But it’s OK. Over 300 articles is a nice body of work. And I have run out of steam.

So time to sum up.

Most popular article: By far, the one explaining how to fix a java problem in Windows.

Most Important Contribution: Solving Zeno’s Paradox. So much confusion until I cleared it all up. Even Bertrand Russell was confused.

Most controversial: The bitcoin series, where I prove that Bitcoin is doomed to fail. Devil’s Advocate is telling me bitcoin has risen to an all time high, but that’s a short term thing. It will go to zero within 20 years, as all fake monies have.  The key theoretical insight is that it will never, ever, be used as money, which, of course, is proving true. Nobody actually buys anything with bitcoins. They merely hoard them, hoping its price will go up. [Note: I had a first draft of this paragraph up earlier that Pete Surda pointed out was unclear. See comments.]

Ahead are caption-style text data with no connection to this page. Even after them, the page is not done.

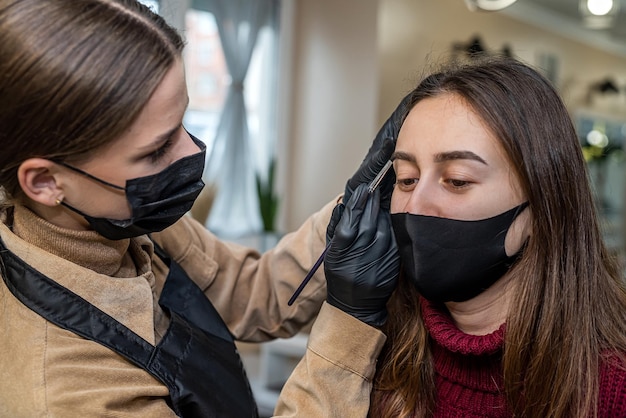 A beautiful young client in a special black mask came to the\
salon for makeup during a pandemic. the concept of beauty services\
during a pandemic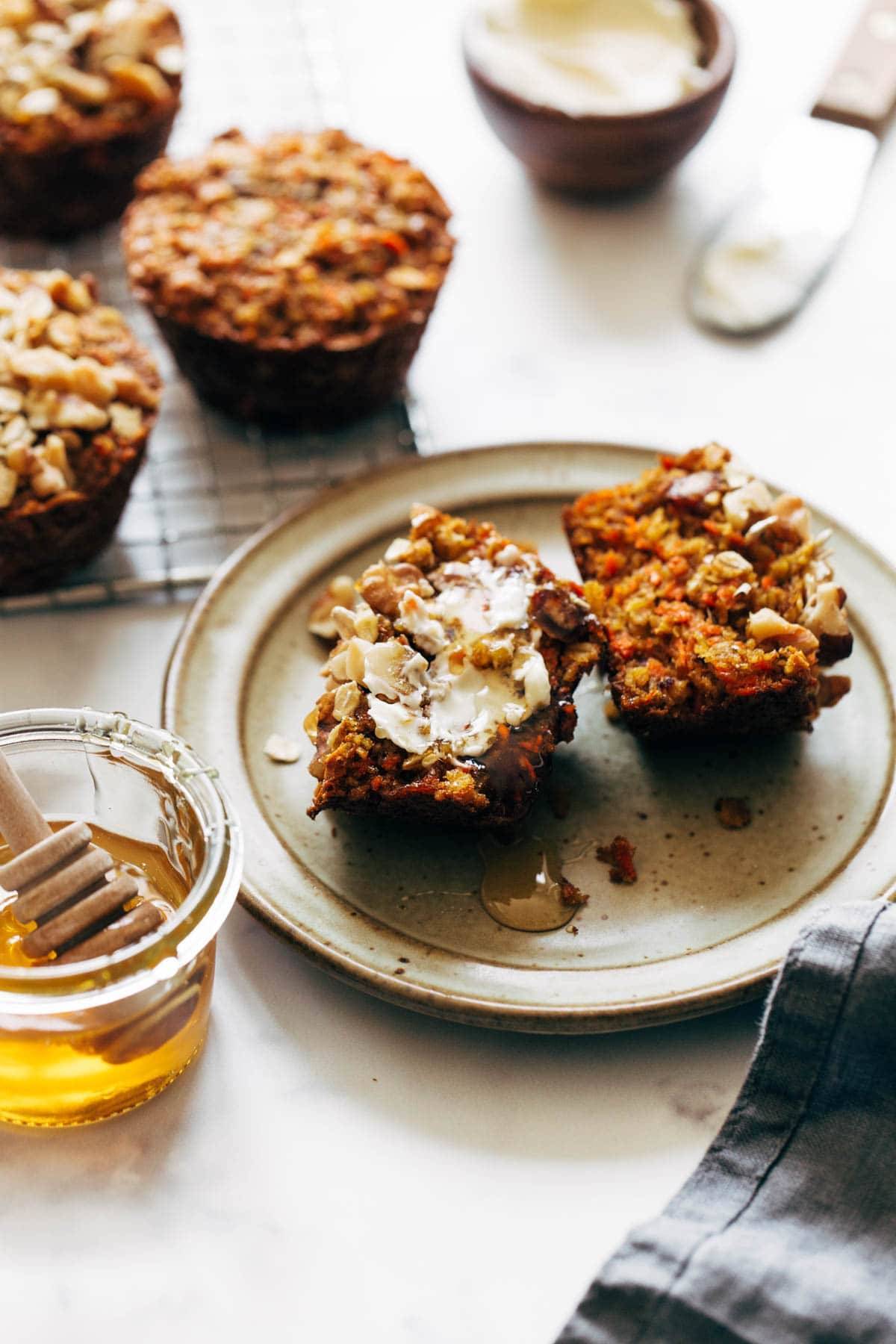 Carrot muffins on a plate with honey and butter.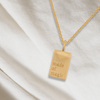High shine gold tag necklace "made of magic"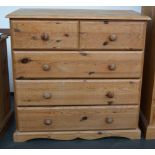 A small pine chest of drawers two short over three long,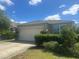 Well-maintained single-story home with a two-car garage and lush landscaping at 219 Duke Dr, Deland, FL 32724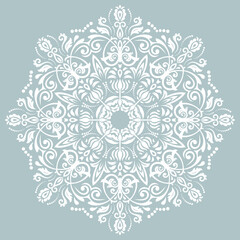 Oriental vector round white pattern with arabesques and floral elements. Traditional classic blue and white ornament. Vintage pattern with arabesques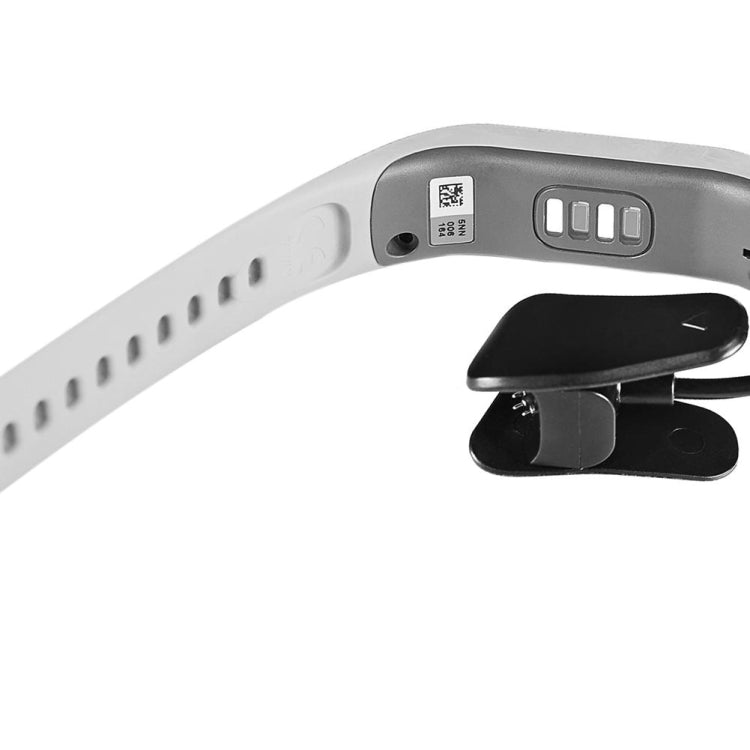 Side view of smartwatch charging contacts with black clip dock and band
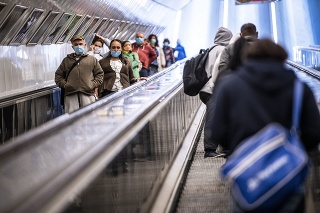  Cestujúci s ochrannými rúškami na eskalátore v Budapešti.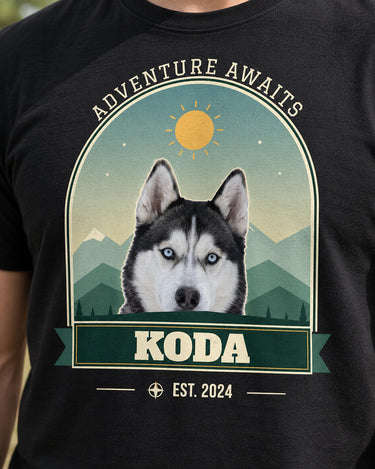 Close-up of the black mountain pet tee with Koda the husky, cream slab-serif lettering, green mountain layers, golden sun and a bordered arch.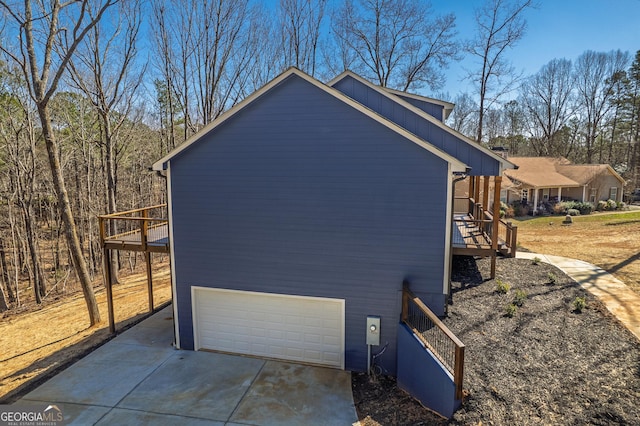 view of side of property with an attached garage and driveway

Which means, of course, that it is inherently a scam and a mania. Imagine a thing whose only use is sitting on it, hoping to sell someday to a bigger fool who can only sit on it, hoping to sell some day to a bigger fool, and so on forever. It cannot last.

As for all the wonderful ideas people have for using bitcoins to transport or store information or whatever nonsense they are telling you about, that is talking about the technology, not ownership of the bitcoin. It’s like someone telling you how wonderful television is, then trying to sell you one piece of airwave for a thousand dollars. What can you do with ownership of an airwave?

Thing I was in over my head: Mises’s calculation problem. I still cannot say I have 100% clarity on it. One person asked me why, in theory, a computer cannot do what an entrepreneur does. The entrepreneur must have some kind of thinking process going on. Why, in theory, can’t a computer be taught to do the same thing? I do not know.

What I should be doing now: Politically, supporting President Trump in every way possible. He is our guy, our hero, and by “our” I mean anyone who is not a parasite on innocent people, like Hillary and Obama and their ilk.

I’d love the chance to sit down with him and teach him some Austrian Economics, because he is making and going to make some big mistakes, all because of ignorance of AE. Of course, it doesn’t have to be me. I’m slowly forgetting the details of AE, as my interests move on. Ron [not Rand]  Paul would be ideal.

So good bye folks, it was fun. The deadline is April 17, 2017, at which point wordpress will turn off the lights.

Thank you for reading and commenting.

Dave

Devil’s Advocate: Seen the last of him, hahahahaha.


23 Comments

  1. Peter Šurda says:

    > Devil’s Advocate is telling me bitcoin has risen to an all time high, but I was not talking about its price.

    Since the beginning, one of your many arguments has been that the price of Bitcoin must go to zero. I have your quotes on my blog and the good folks at archive.org have a copy of your blog. So you’re contradicting yourself again.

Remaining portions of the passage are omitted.